I fit a model that includes stage, sex and age (using a natural spline). I assume proportional hazards, but if I relax this assusmption the syntax for standsurv would be identical. Stage is classified as localised, regional and distant and is modelled as a factor variable with localised as the reference category.
. gen female = sex==2
. stpm3 i.stage i.female @ns(age,df(3)), scale(lncumhazard) df(4) nolog eform
Number of obs = 13,208
Wald chi2(6) = 6155.27
Log likelihood = -19665.932 Prob > chi2 = 0.0000
------------------------------------------------------------------------------
| exp(b) Std. err. z P>|z| [95% conf. interval]
-------------+----------------------------------------------------------------
xb |
stage |
Regional | 1.758926 .0617187 16.09 0.000 1.642026 1.884149
Distant | 5.656322 .1390555 70.48 0.000 5.39024 5.935539
|
1.female | .8634681 .01891 -6.70 0.000 .8271894 .901338
_ns_f1_age1 | .0019791 .0012531 -9.83 0.000 .0005722 .0068455
_ns_f1_age2 | .7897475 .2383663 -0.78 0.434 .4370927 1.426931
_ns_f1_age3 | .1506021 .025846 -11.03 0.000 .1075845 .2108204
-------------+----------------------------------------------------------------
time |
_ns1 | -14.64251 .1616785 -90.57 0.000 -14.95939 -14.32563
_ns2 | 3.188902 .0786506 40.55 0.000 3.034749 3.343054
_ns3 | -1.66889 .0227393 -73.39 0.000 -1.713459 -1.624322
_ns4 | -1.036622 .0267331 -38.78 0.000 -1.089018 -.984226
_cons | 1.441705 .0983651 14.66 0.000 1.248912 1.634497
------------------------------------------------------------------------------
Note: Estimates are transformed only in the first equation.
Extended functions
(1) @ns(age, df(3))There is a clear effect of stage with a hazard ratio of 5.66 for distant stage versus localised stage. Remember that I am modelling all cause survival and one would expect a cause-specific hazard ratio to be higher.
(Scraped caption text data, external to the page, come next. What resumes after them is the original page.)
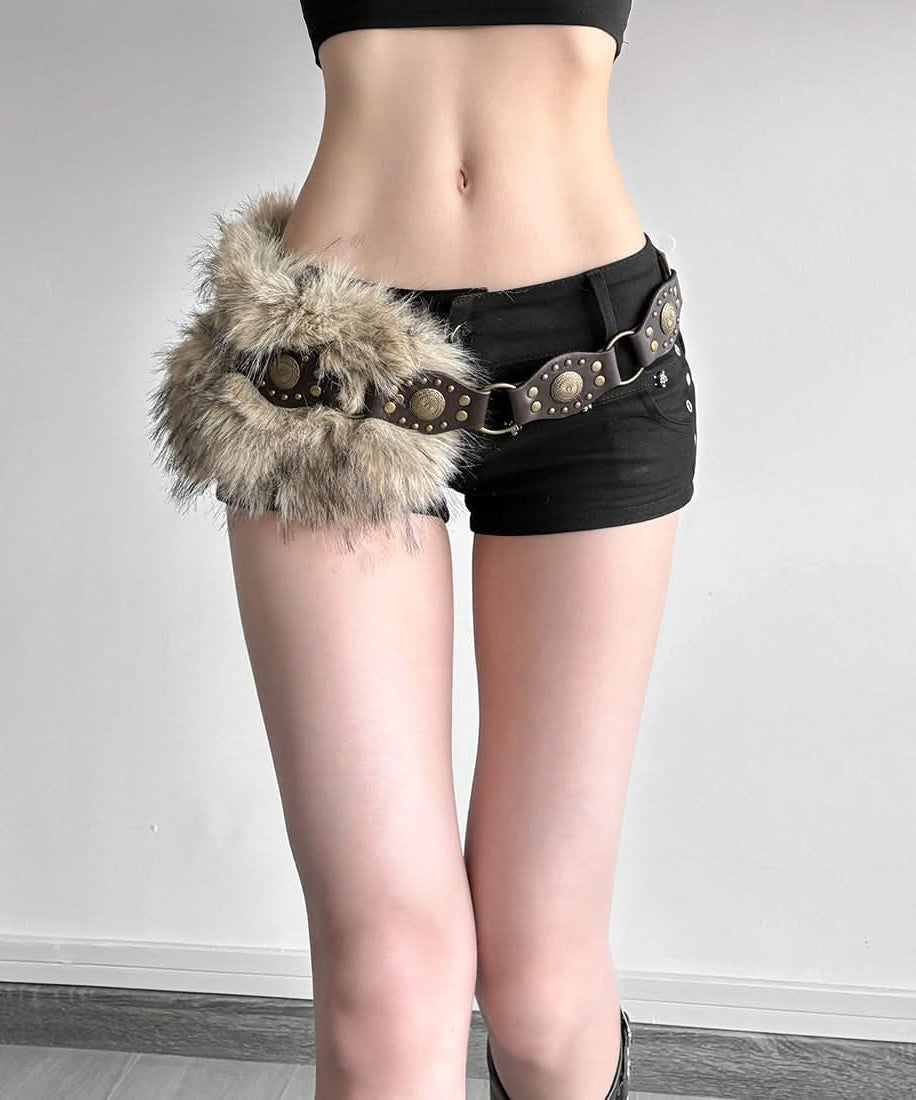 Edgy Faux Fur & Studded Buckle Statement Belt – Fall's Must-Have Accessory
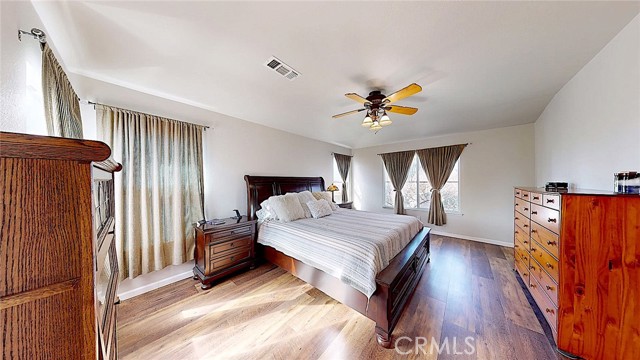 223 Vintage Drive, Turlock CA: https://media.crmls.org/medias/87d2b0a0-65e7-445c-9b1b-7e8f55800e87.jpg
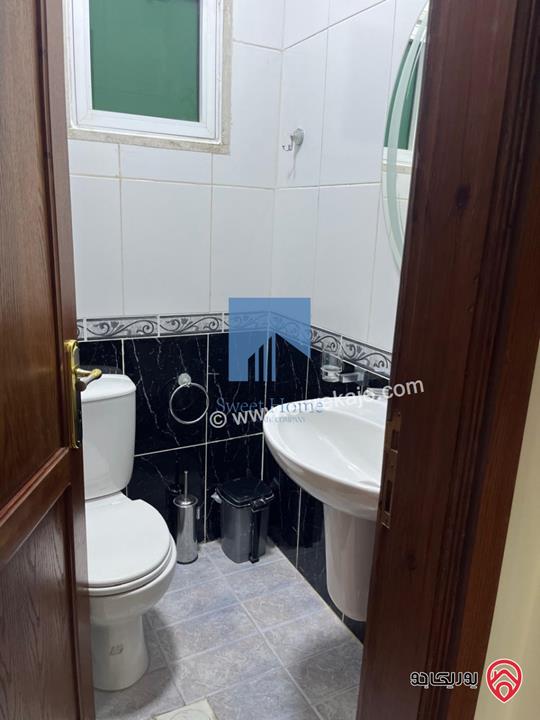 شقة مميزة للبيع في عمان - الجاردنز قرب جريدة الرأي والدستور طابق ثالث 172م مع روف ترس 60م بسعر مغري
The all-cause mortality rate for females is 14% lower than males.
I will now predict two standardized survival functions, one where I force all subjects to be male and one where I force everyone to be female.
. range tt 0 10 100
(13,108 missing values generated)
. standsurv, surv timevar(tt) ci frame(surv, replace) ///
> at1(female 0) at2(female 1) ///
> atvar(ms_male ms_female)
. frame surv {
. twoway (line ms_male ms_female tt, sort) ///
> , yline(0.5, lpattern(dash) lcolor(black)) ///
> yline(0.5, lpattern(dash) lcolor(black)) ///
> xtitle("Years since diagnosis") ///
> ytitle("S(t)", angle(h)) ///
> ylabel(0(0.2)1, format(%3.1f) angle(h)) ///
> legend(order(1 "Male" 2 "Female") pos(1) )
. } The graph of the two standardised survival functions can be seen below.
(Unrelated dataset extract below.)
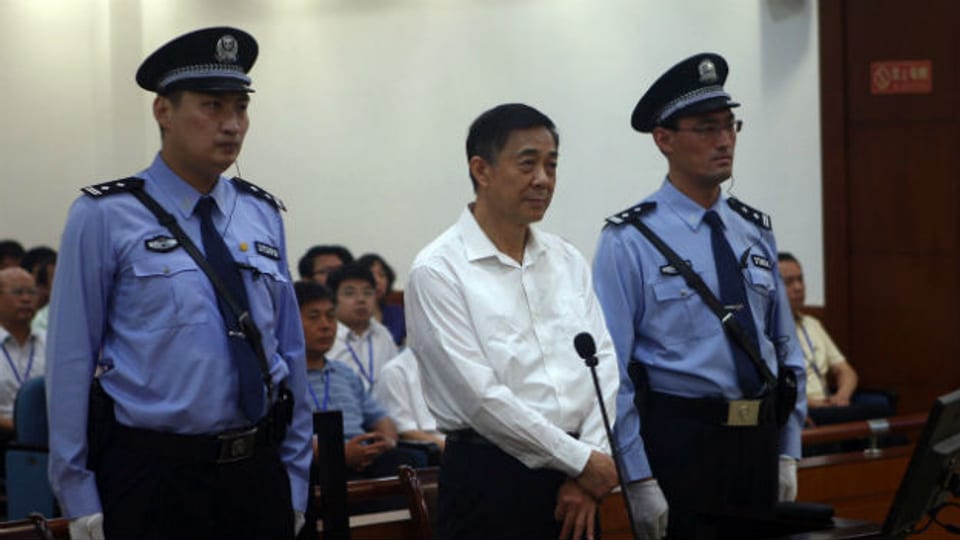 Bo Xilai (mitte) vor dem Gericht in der Provinz Shandong.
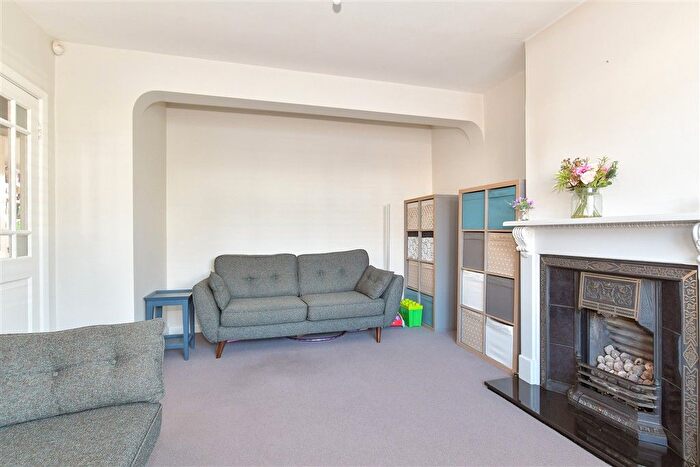 3 Bedroom Semi-Detached House For Sale In Edison Road, Welling, Kent, DA16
As expected (given the hazard ratio) females have better survival than males. I have added a horizontal reference line at \(S(t)=0.5\). Where this line crosses the survival curves gives the median survival time. Reading from the graph, this is just under 2 years for the males and just under 2.5 years for females. Using the centile option of standsurv will estimate these values more accurately with 95% confidence intervals. We are also interested in contrasts of the centiles, so use of the contrast option will calculate either a difference or ratio of the median survival times with a 95% confidence interval.
. standsurv, centile(50) ci frame(median) ///
> at1(female 0) at2(female 1) ///
> atvar(med_male med_female) ///
> contrast(difference) contrastvar(med_diff)
. frame median {
. list med_male* med_female*, ab(15) noobs
+----------------------------------------------------------------------------------------+
| med_male med_male_lci med_male_uci med_female med_female_lci med_female_uci |
|----------------------------------------------------------------------------------------|
| 1.9801987 1.8875488 2.0773963 2.4249751 2.3197847 2.5349353 |
+----------------------------------------------------------------------------------------+
. list med_diff* in 1, ab(18) noobs
+-----------------------------------------+
| med_diff med_diff_lci med_diff_uci |
|-----------------------------------------|
| .44477636 .31389716 .57565556 |
+-----------------------------------------+
. }The median survival time is 1.98 years for males with a 95% CI (1.87 to 2.09). The median for females is 2.42 years (95% CI, 2.30 to 2.56). As I used the contrast option I also get the difference in the median of the standardised survival curves with a 95% CI. Thus the time at which 50% of females have died is 0.44 years more than the time at which 50% of males have died, 95% CI (0.30 to 0.59).
It is possible to predict for multiple centiles by passing a numlist to the centiles option. For example, the code below calculates centiles between 10 and 60 at 10 unit intervals.
. standsurv, centile(10(10)60) ci frame(cenrange) centvar(centiles) ///
> at1(female 0) at2(female 1) ///
> atvar(cen_males cen_females) ///
> contrast(difference) contrastvar(cendiff)
. frame cenrange {
. list centiles cen_males cen_females cendiff, sep(0) noobs ab(12)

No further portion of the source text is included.